In her last section, “Butter,” Hamilton describes her annual summer visits to her Italian in-laws in Rome, followed by three weeks in their villa by the sea.  Cooking becomes the universal language, as she connects with Alda, her old-school mother-in-law.  Her mouth-watering descriptions of food will have you salivating.

I’m not usually a fan of memoirs, but Blood, Bones, and Butter does not pretend to be an accurate accounting; Hamilton weaves her personality into her story and fictionalizes when it’s better than what really happened, but, at least she is honest about it – and she applies her degree in fiction to share her readable and amusing memories.   In her author’s note, Gabrielle Hamilton assures the reader…

…{I} have made up the names when I couldn’t remember them.  I have airbrushed a couple of people right out of scenes…I have compressed, contracted, and subtly rearranged time…and I have conflated several recurring, similar events into one for clarity, drive, and momentum…

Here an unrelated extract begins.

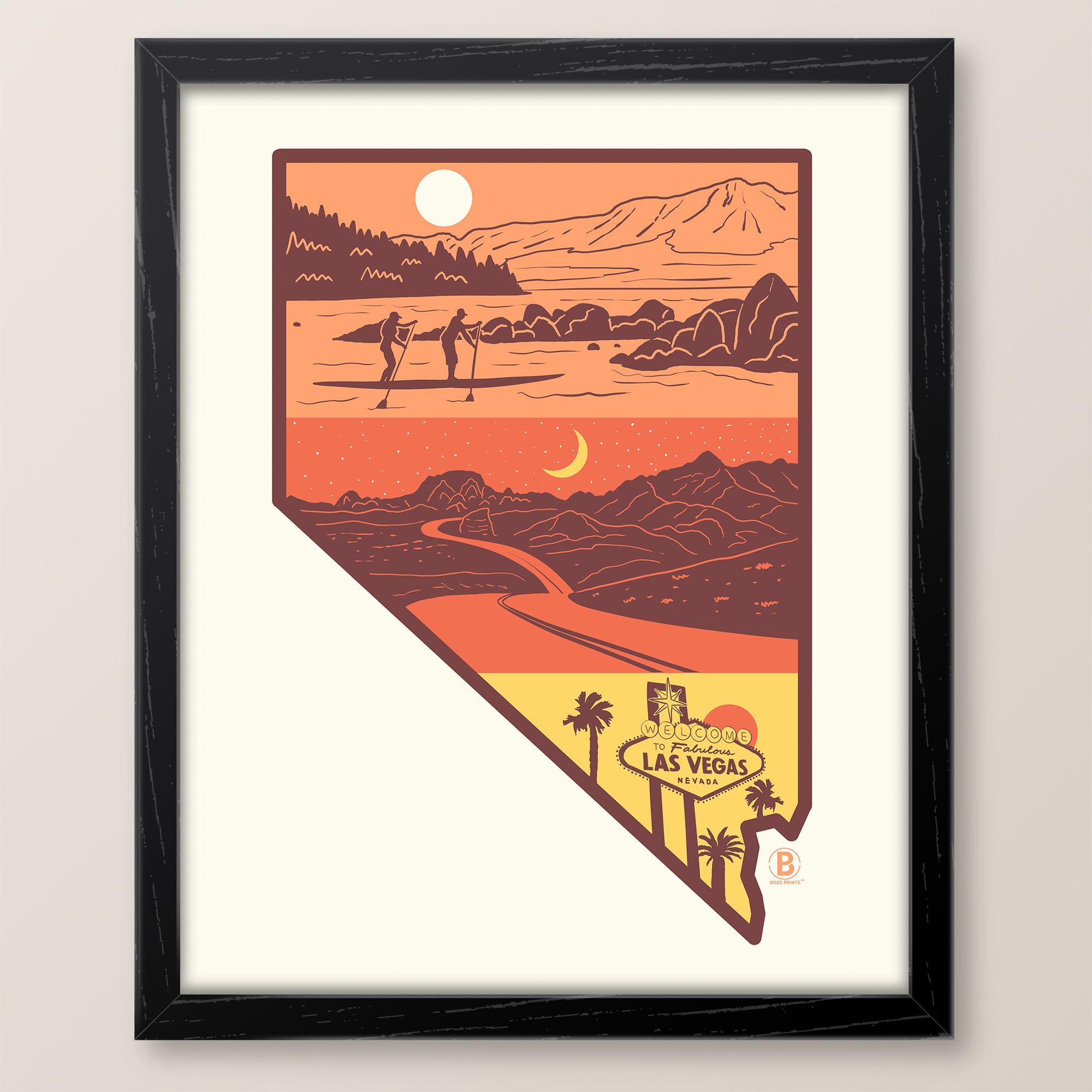 Layers of Nevada Art Print - Bozz Prints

It doesn’t matter.  Gabrielle Hamilton gets it right, using self-deprecating humor mixed with introspection – focusing on the important pieces of her life, while sending a message not only to aspiring chefs but to bright women trying to juggle family and career.   My favorite line in the book has her responding to being introduced as “the top, one of the best female chefs in New York”  with

“Now, if we could only get that word ‘female’ out of the sentence.”

Savor the book slowly, with a glass of “an excellent Bandol” and some nutty Gouda. Gabrielle Hamilton is a chef worth getting to know.